Cadence: top 10 most expensive workloads, every quarter. Trying to rightsize everything burns engineer time on micro-savings.
Commitment Strategy
Cloud providers give big discounts for commitment:
| AWS Construct | Discount | Commitment | Best for |
|---|---|---|---|
| Compute Savings Plan | up to 66% | 1-3 years, any instance family/region | Steady compute baseline |
| EC2 Instance Savings Plan | up to 72% | 1-3 years, specific family | Predictable workloads |
| Reserved Instances (RI) | up to 75% | 1-3 years, specific config | Legacy; SP usually better |
| Spot Instances | up to 90% | Can be reclaimed in 2 min | Fault-tolerant workloads |
A practical strategy:
- Baseline coverage: Compute Savings Plan for ~70% of steady-state usage (1-year, no upfront).
- Burst on-demand: Above baseline runs at full price; that's fine, it's bursty.
- Spot for batch & stateless: Karpenter on AWS, Spot.io across clouds.
- Re-evaluate quarterly as baseline shifts.
Don't over-commit. A 3-year RI for a service that gets deprecated in 18 months is worse than on-demand.
Spot / Preemptible Usage
Spot instances can be reclaimed at 2 minutes' notice but cost 60-90% less. Good targets:
- Batch jobs (data pipelines, ML training, CI runners)
- Stateless web tiers with replicas
- Dev/staging environments
- Anything that can checkpoint or retry
Bad targets:
- Stateful single-instance DBs
- Long-lived workloads that can't tolerate interruption
- Anything where 2-min eviction breaks SLO
Tooling that makes Spot safe:
- AWS Karpenter auto-replaces interrupted nodes within seconds
- Spot.io orchestrates Spot + on-demand across clouds
- Cluster Autoscaler with mixed instance policy falls back to on-demand on capacity loss
Anomaly Detection
You want to know when spend suddenly changes — not at month-end review.

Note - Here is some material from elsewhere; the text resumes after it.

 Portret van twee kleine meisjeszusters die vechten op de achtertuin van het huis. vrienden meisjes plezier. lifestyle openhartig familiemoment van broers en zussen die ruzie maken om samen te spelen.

- AWS Cost Anomaly Detection (free) — ML-based; alerts via SNS
- Vantage / CloudZero anomaly alerts — daily reports
- Custom: Athena query on CUR; alert if any service's daily cost > 2× previous 7-day avg
WITH daily AS (
SELECT
date(line_item_usage_start_date) AS d,
line_item_product_code AS svc,
SUM(line_item_unblended_cost) AS cost
FROM main_cur
WHERE year = '2026'
GROUP BY 1, 2
),
baseline AS (
SELECT
svc,
AVG(cost) AS avg_cost
FROM daily
WHERE d BETWEEN date_add('day', -8, current_date) AND date_add('day', -1, current_date)
GROUP BY svc
)
SELECT d.svc, d.cost, b.avg_cost, d.cost / NULLIF(b.avg_cost, 0) AS ratio
FROM daily d JOIN baseline b USING (svc)
WHERE d.d = current_date - INTERVAL '1' DAY
AND d.cost > 100
AND d.cost > 2 * b.avg_cost
ORDER BY ratio DESC;Common anomaly causes: a test left running, a recursive Lambda, a CloudWatch metric stream sending to S3 in a loop, a new feature ingesting more data than expected.
Unit Economics
The most strategic FinOps practice. Pick metrics that connect cost to business value:
| Business metric | Cost ratio |
|---|---|
| Request | $ per million requests |
| Customer | $ per active user per month |
| Transaction | $ per checkout / per order |
| Build | $ per CI build |
| Tenant (B2B SaaS) | $ per customer per month, by plan tier |
Build a dashboard with cost ÷ business metric over time:
$ per active user per month
0.40 ┤ ╭─── alert!
0.30 ┤ ╭───────╯
0.20 ┤──────────────────────────╯
0.10 ┤
└─────────────────────────────────────────
Jan Feb Mar Apr May Jun Jul AugIf the ratio is falling: scaling efficiently. If rising: investigate before total cost gets dramatic.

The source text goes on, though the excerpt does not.